- [AVAILABLE RECORDS]:
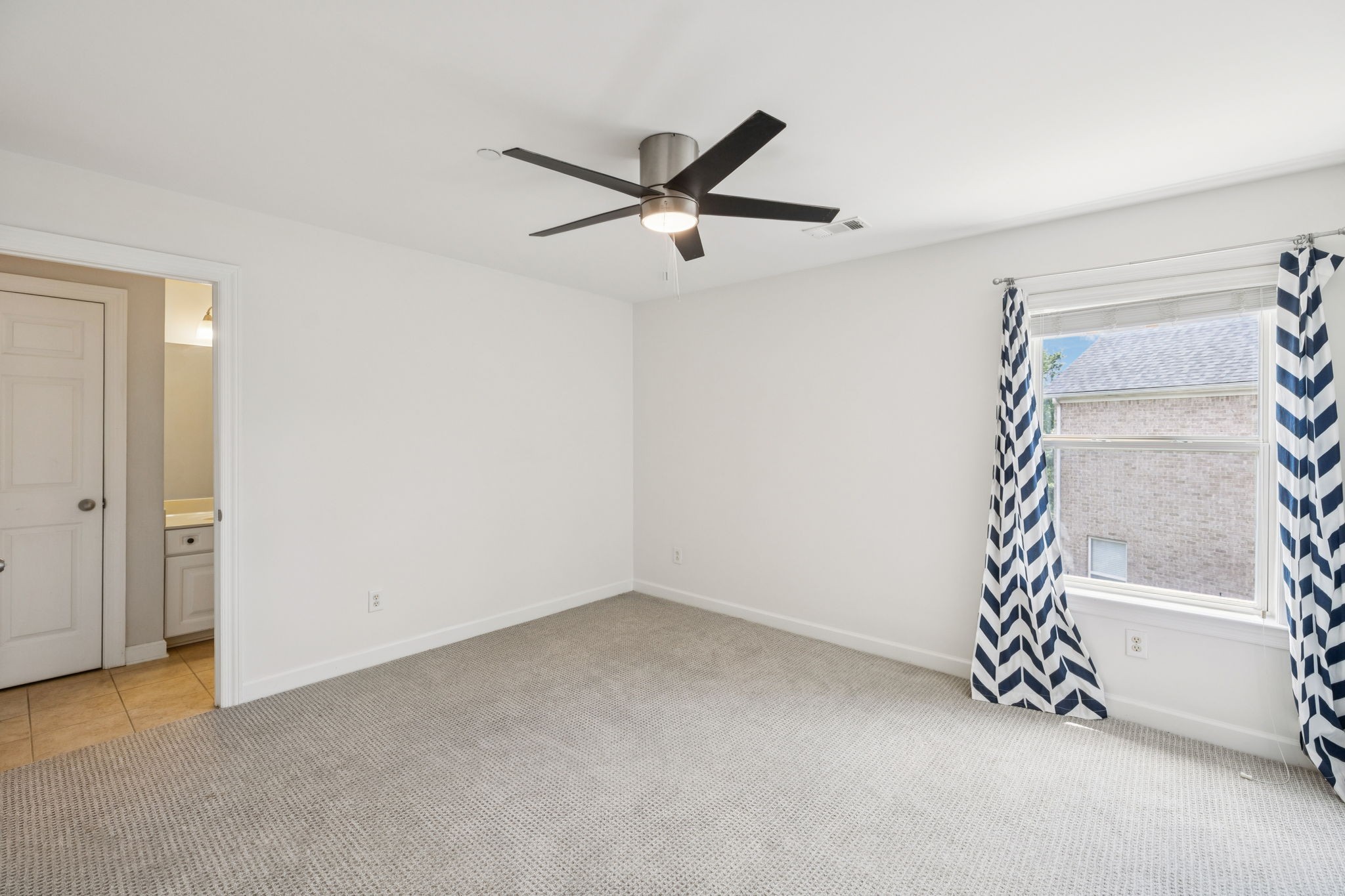 104 Lodge Hall Rd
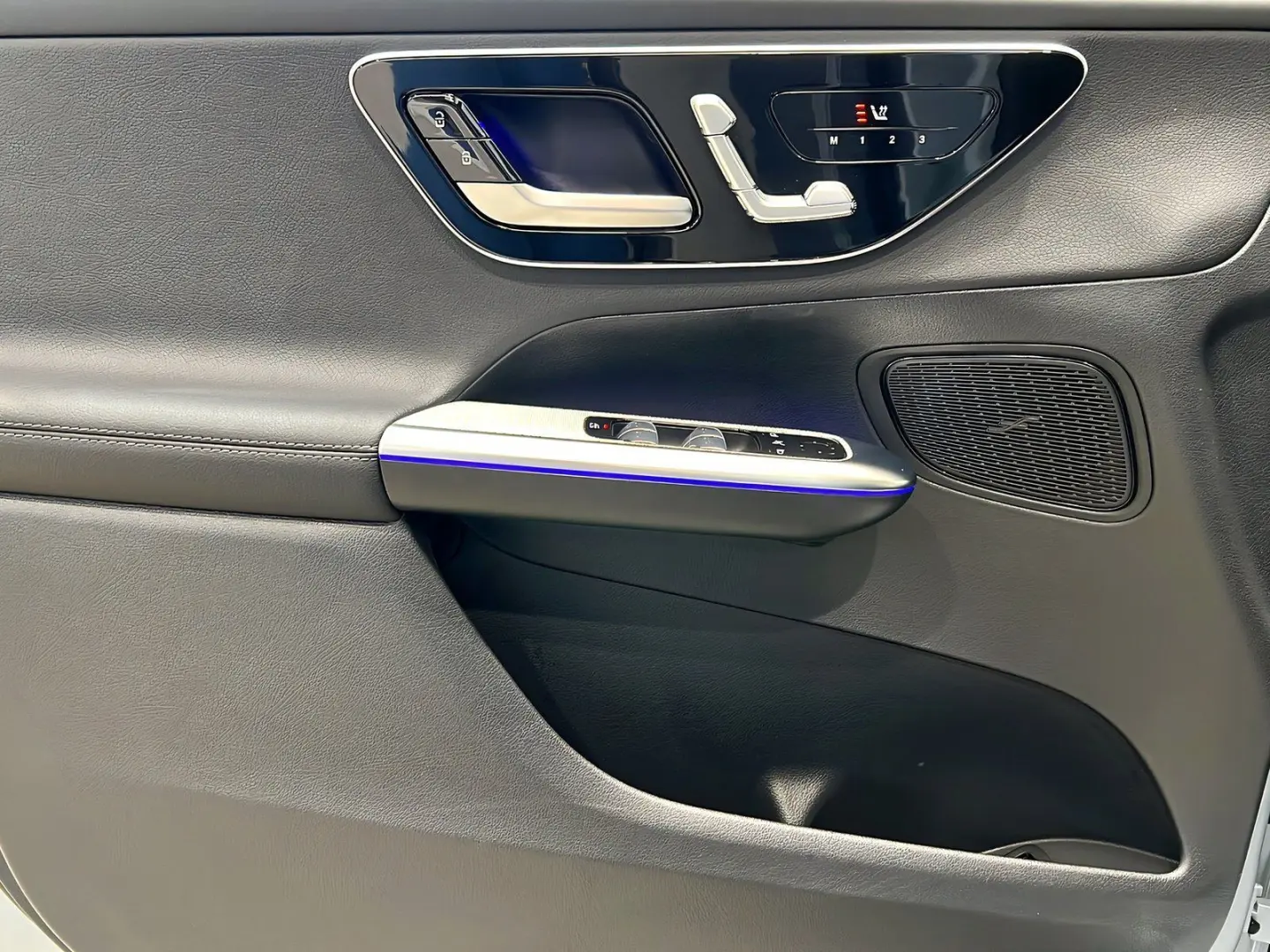 GLC 200 4M AMG MBUX Pano Memo Kamera LrHz AHK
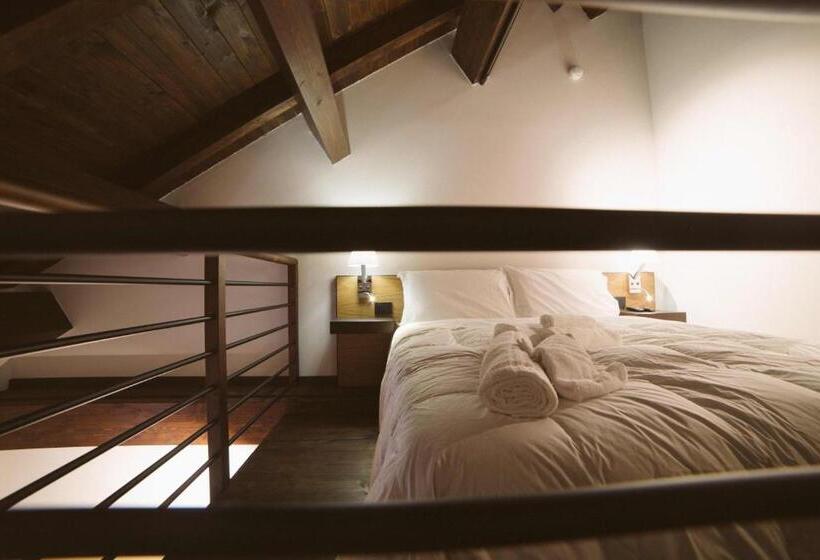 חדר קומפורט לשלושה, Elda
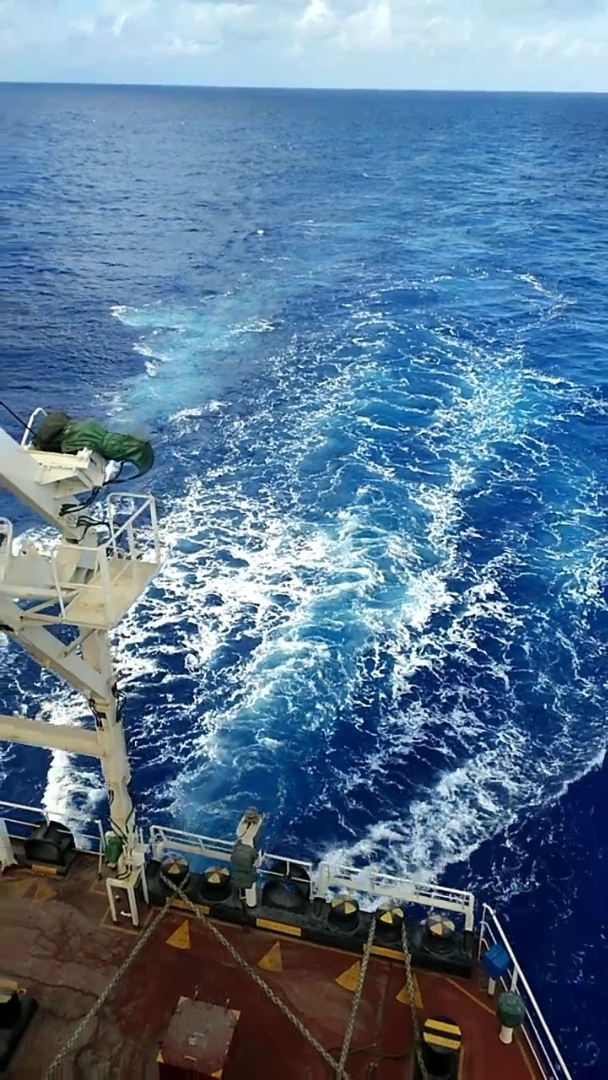 大西洋深海9697米深  恐惧症者匆进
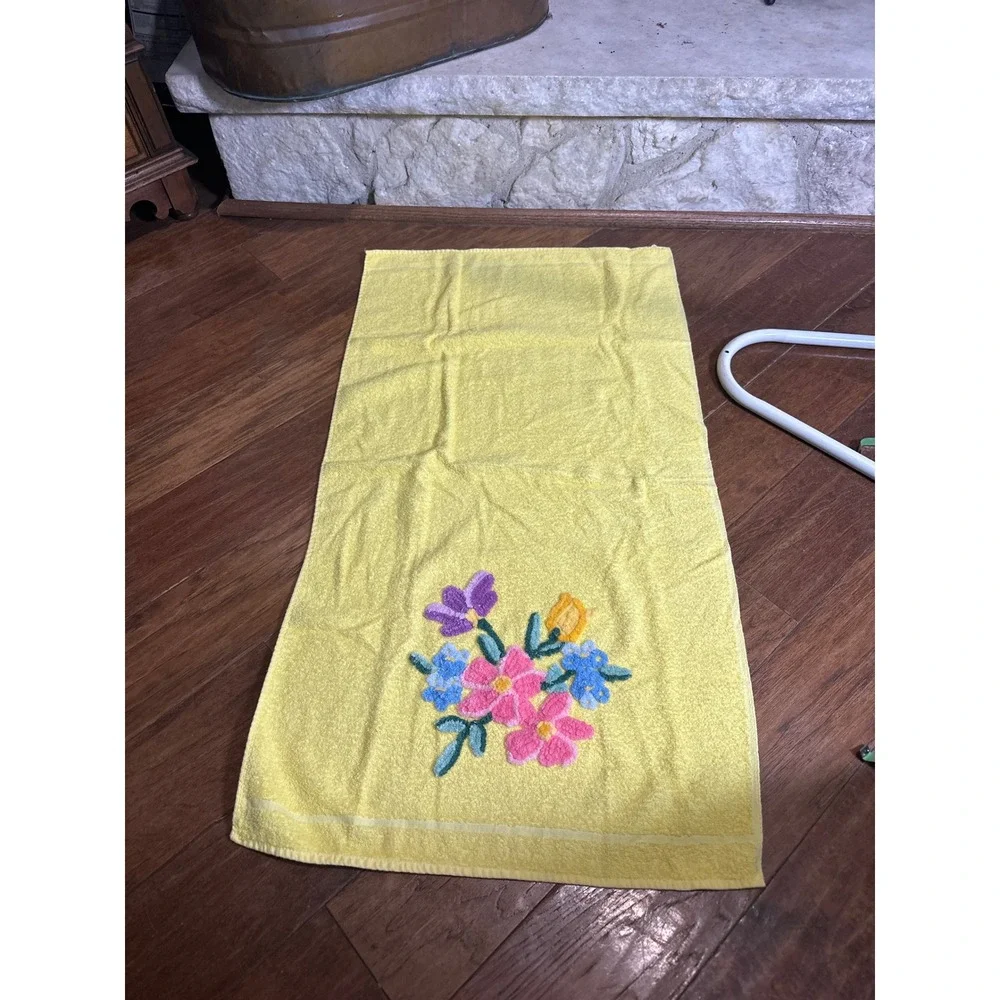 Cannon Yellow Embroidered Floral Bath Towel Set Vintage‎ Home Decor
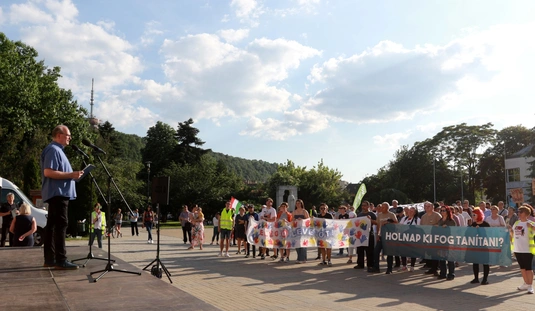 Tüntetés a státusztörvény bevezetése ellen 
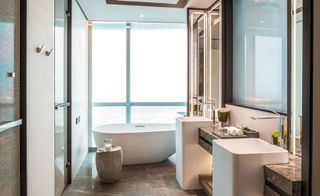 Shenzhen Marriott Hotel Luxury bathroom with bathtube
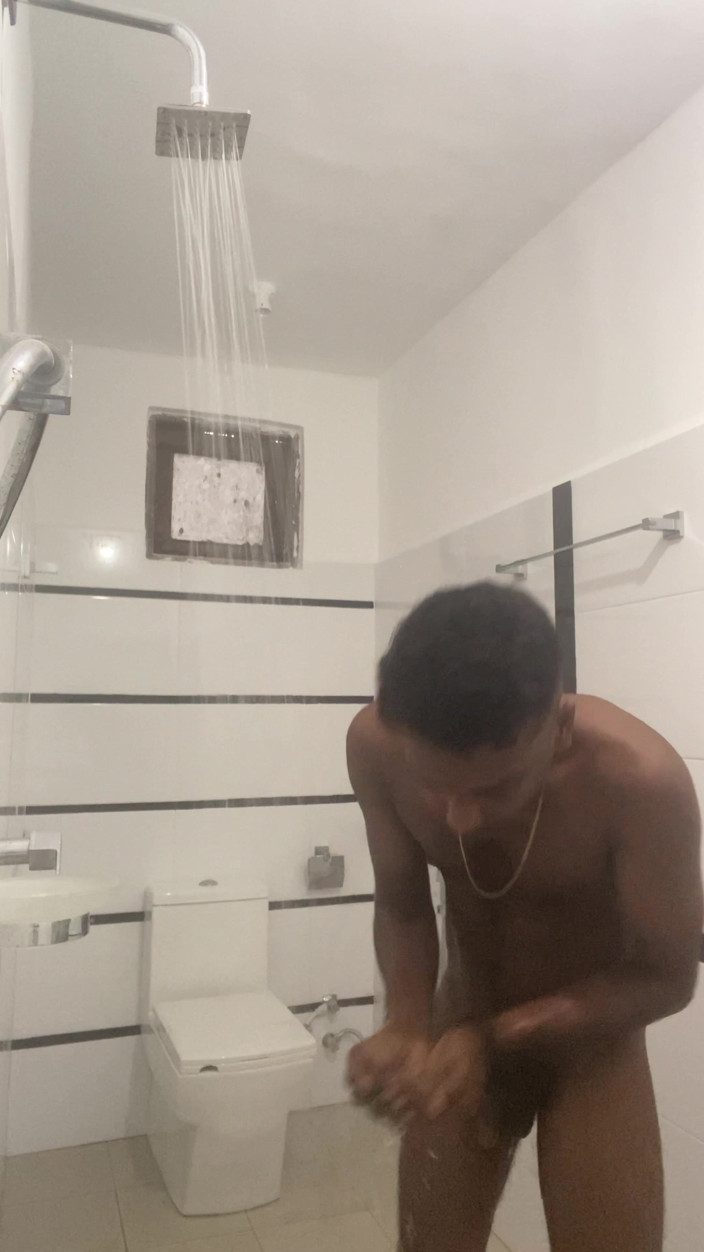 Prince-dil: Sri Lankan Teen Boy Showered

- [EXERCISE DETAILS]: Only the lines from the line with "Tüntetés a státusztörvény bevezetése ellen" through the end of the records belong in your copy. Repeat them exactly, without pictures.

- [OUTPUT FOR THIS EXERCISE]:
 Tüntetés a státusztörvény bevezetése ellen 
 Shenzhen Marriott Hotel Luxury bathroom with bathtube
 Prince-dil: Sri Lankan Teen Boy Showered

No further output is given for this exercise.